Ask most ordinary musicians how they feel about their profession and they’ll give a deliberately understated answer, painting their passion as a kind of glorified day job. But neither Zee Gachette nor Sebastien Heintz, the two halves of blues rock outfit Z-Star Delta, are ordinary musicians.
“I just think [music is] colour,” Gachette says, her voice low and thoughtful. “First [my life] was black and white, and then slowly colour faded in. And that colour was music. I think it started when [I was] around four years old, the appreciation of music. Writing songs was the thing that came first, and I started doing that from about seven.”

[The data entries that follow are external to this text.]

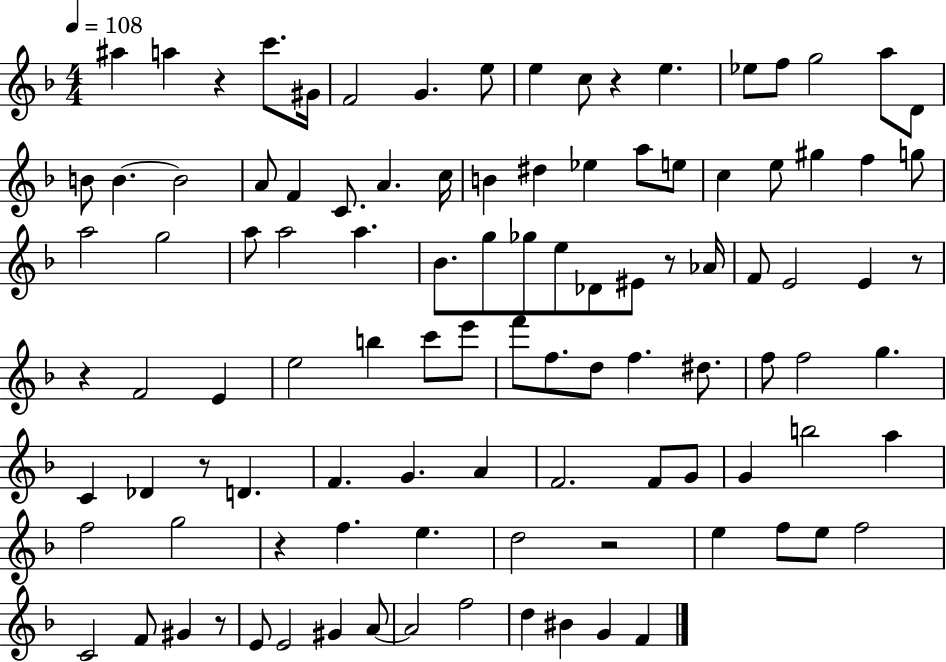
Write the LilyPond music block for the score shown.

{
  \clef treble
  \numericTimeSignature
  \time 4/4
  \key f \major
  \tempo 4 = 108
  ais''4 a''4 r4 c'''8. gis'16 | f'2 g'4. e''8 | e''4 c''8 r4 e''4. | ees''8 f''8 g''2 a''8 d'8 | \break b'8 b'4.~~ b'2 | a'8 f'4 c'8. a'4. c''16 | b'4 dis''4 ees''4 a''8 e''8 | c''4 e''8 gis''4 f''4 g''8 | \break a''2 g''2 | a''8 a''2 a''4. | bes'8. g''8 ges''8 e''8 des'8 eis'8 r8 aes'16 | f'8 e'2 e'4 r8 | \break r4 f'2 e'4 | e''2 b''4 c'''8 e'''8 | f'''8 f''8. d''8 f''4. dis''8. | f''8 f''2 g''4. | \break c'4 des'4 r8 d'4. | f'4. g'4. a'4 | f'2. f'8 g'8 | g'4 b''2 a''4 | \break f''2 g''2 | r4 f''4. e''4. | d''2 r2 | e''4 f''8 e''8 f''2 | \break c'2 f'8 gis'4 r8 | e'8 e'2 gis'4 a'8~~ | a'2 f''2 | d''4 bis'4 g'4 f'4 | \break \bar "|."
} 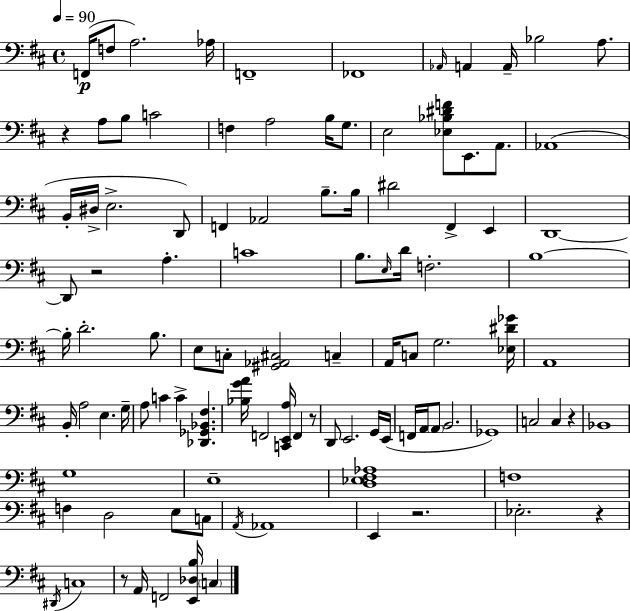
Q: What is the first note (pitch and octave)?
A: F2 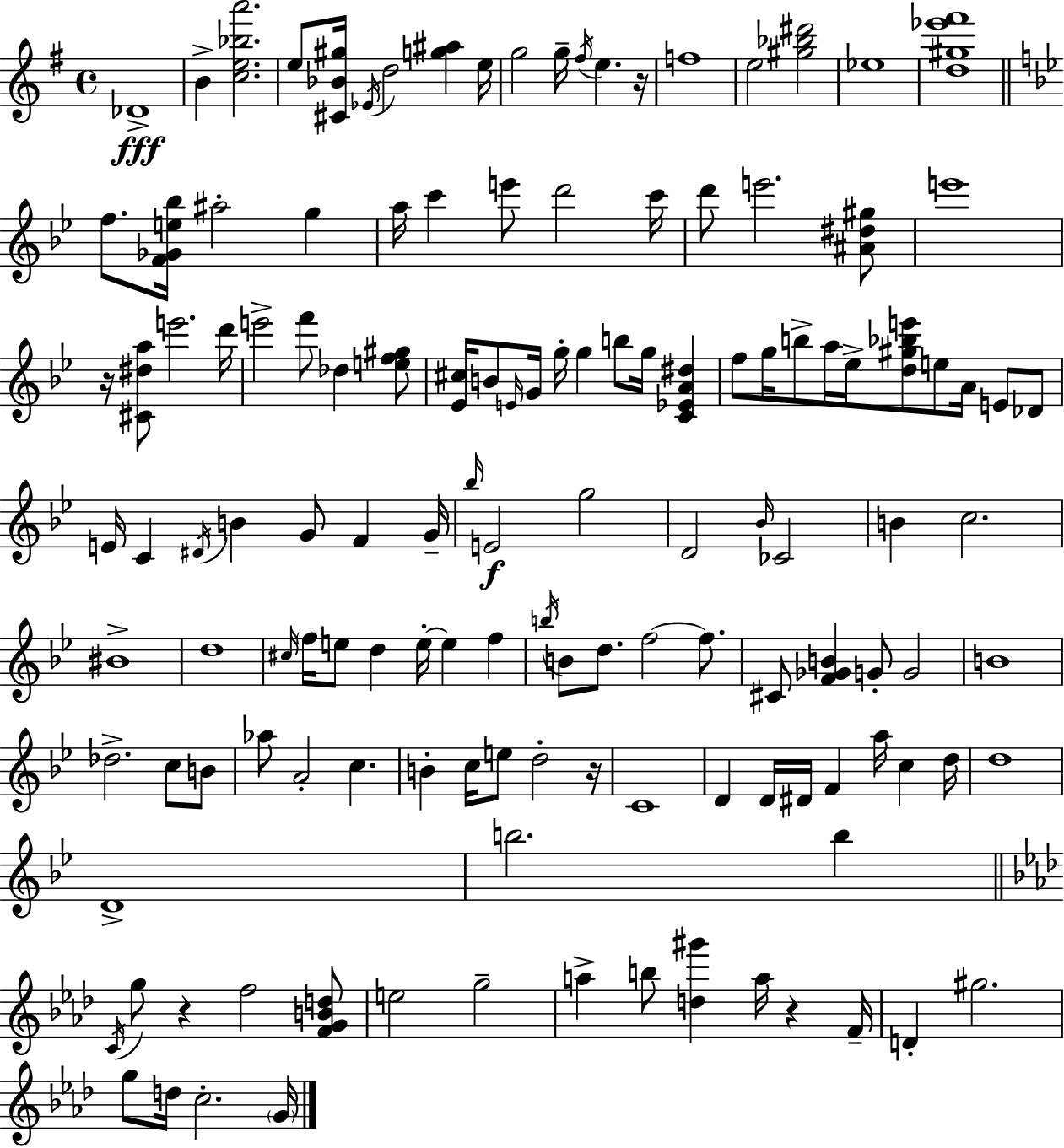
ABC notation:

X:1
T:Untitled
M:4/4
L:1/4
K:G
_D4 B [ce_ba']2 e/2 [^C_B^g]/4 _E/4 d2 [g^a] e/4 g2 g/4 ^f/4 e z/4 f4 e2 [^g_b^d']2 _e4 [d^g_e'^f']4 f/2 [F_Ge_b]/4 ^a2 g a/4 c' e'/2 d'2 c'/4 d'/2 e'2 [^A^d^g]/2 e'4 z/4 [^C^da]/2 e'2 d'/4 e'2 f'/2 _d [ef^g]/2 [_E^c]/4 B/2 E/4 G/4 g/4 g b/2 g/4 [C_EA^d] f/2 g/4 b/2 a/4 _e/4 [d^g_be']/2 e/2 A/4 E/2 _D/2 E/4 C ^D/4 B G/2 F G/4 _b/4 E2 g2 D2 _B/4 _C2 B c2 ^B4 d4 ^c/4 f/4 e/2 d e/4 e f b/4 B/2 d/2 f2 f/2 ^C/2 [F_GB] G/2 G2 B4 _d2 c/2 B/2 _a/2 A2 c B c/4 e/2 d2 z/4 C4 D D/4 ^D/4 F a/4 c d/4 d4 D4 b2 b C/4 g/2 z f2 [FGBd]/2 e2 g2 a b/2 [d^g'] a/4 z F/4 D ^g2 g/2 d/4 c2 G/4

Heintz’s origin story is different, but the passion in his voice when he talks about his entry into the world of professional music mirrors that of Gachette's. “For me, I don’t remember exactly one moment when I really felt like [music] was going to be my job. I remember growing up and it was in my body,” he says. “In my soul.” “Yeah, for a while I didn’t really see myself as a singer,” Gachette adds. “I thought I was going to be a songwriter, [and] write songs for other people. Then I went to see my uncle and played him some songs. He used to be in a band called Loose Ends. He was the one who said, ‘Maybe you should think about singing.’ And I just thought, ‘Okay, well I’ll give it a go'.”
It would be a mistake to suggest Gachette has merely ‘given it a go’: as the frontperson for rock band Z-Star she has been transcending the limits of the stage for almost two decades now, releasing album after album and traversing genres with a nimbleness rare in contemporary music.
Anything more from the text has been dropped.